### Data segment
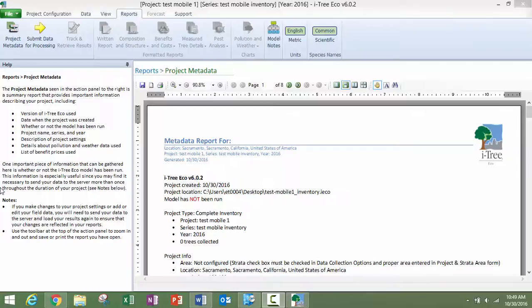We're now back in Wi-Fi, back in the office, and ready to retrieve our data.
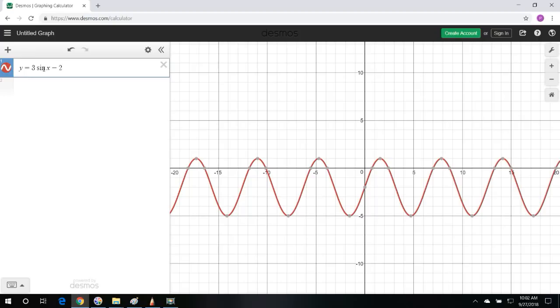Now granted, for those of you who may have a test and you need to find out how to do it by hand, check out the links in the description section below, and I'm going to give you other videos that show you how to graph these functions by hand.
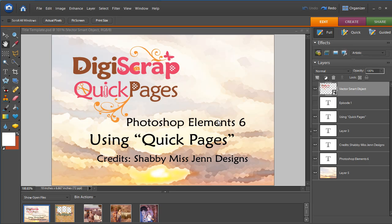Hello, Holly Nestor here with DigiScrapQuickPages.com. Today we're using Photoshop Elements 6 for a tutorial on Quick Pages.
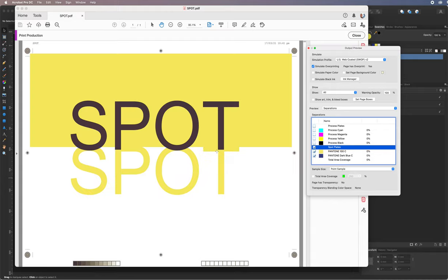There we are — that's creating spot color in Affinity Designer. You can have as many as you want, but spot color is usually used for special limited colors: things like silver, gold, or specific brand logo colors using Pantone or Flexo inks. Thank you for watching.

### Task statement
Would you repeat each line of the listing exactly, skipping any picture?

### Answer space
We're now back in Wi-Fi, back in the office, and ready to retrieve our data.
Now granted, for those of you who may have a test and you need to find out how to do it by hand, check out the links in the description section below, and I'm going to give you other videos that show you how to graph these functions by hand.
Hello, Holly Nestor here with DigiScrapQuickPages.com. Today we're using Photoshop Elements 6 for a tutorial on Quick Pages.
There we are — that's creating spot color in Affinity Designer. You can have as many as you want, but spot color is usually used for special limited colors: things like silver, gold, or specific brand logo colors using Pantone or Flexo inks. Thank you for watching.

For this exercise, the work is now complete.